START Records shown

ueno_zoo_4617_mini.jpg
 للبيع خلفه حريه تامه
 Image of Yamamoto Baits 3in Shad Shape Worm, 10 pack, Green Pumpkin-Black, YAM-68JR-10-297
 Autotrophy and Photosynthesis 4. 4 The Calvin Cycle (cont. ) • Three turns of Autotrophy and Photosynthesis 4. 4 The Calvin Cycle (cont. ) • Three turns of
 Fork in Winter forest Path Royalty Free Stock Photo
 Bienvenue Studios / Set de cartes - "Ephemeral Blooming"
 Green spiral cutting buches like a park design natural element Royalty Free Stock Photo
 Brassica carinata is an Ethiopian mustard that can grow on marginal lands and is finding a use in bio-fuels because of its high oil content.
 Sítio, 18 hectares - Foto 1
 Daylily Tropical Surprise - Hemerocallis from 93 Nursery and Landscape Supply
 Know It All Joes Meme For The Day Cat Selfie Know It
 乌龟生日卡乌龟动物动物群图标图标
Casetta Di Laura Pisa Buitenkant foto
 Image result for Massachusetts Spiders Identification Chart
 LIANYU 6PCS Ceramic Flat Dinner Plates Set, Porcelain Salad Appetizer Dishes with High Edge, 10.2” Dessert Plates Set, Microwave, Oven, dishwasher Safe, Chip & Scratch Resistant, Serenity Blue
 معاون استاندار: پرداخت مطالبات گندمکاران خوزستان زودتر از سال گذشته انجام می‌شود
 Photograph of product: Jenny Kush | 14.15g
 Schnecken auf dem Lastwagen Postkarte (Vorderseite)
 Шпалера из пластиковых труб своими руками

END Records shown

◆ **What to produce**
Lines after the one containing "Sítio, 18 hectares - Foto 1" are not wanted; repeat exactly each line above from the first up to and including it.

◆ **Result for this task**
ueno_zoo_4617_mini.jpg
 للبيع خلفه حريه تامه
 Image of Yamamoto Baits 3in Shad Shape Worm, 10 pack, Green Pumpkin-Black, YAM-68JR-10-297
 Autotrophy and Photosynthesis 4. 4 The Calvin Cycle (cont. ) • Three turns of Autotrophy and Photosynthesis 4. 4 The Calvin Cycle (cont. ) • Three turns of
 Fork in Winter forest Path Royalty Free Stock Photo
 Bienvenue Studios / Set de cartes - "Ephemeral Blooming"
 Green spiral cutting buches like a park design natural element Royalty Free Stock Photo
 Brassica carinata is an Ethiopian mustard that can grow on marginal lands and is finding a use in bio-fuels because of its high oil content.
 Sítio, 18 hectares - Foto 1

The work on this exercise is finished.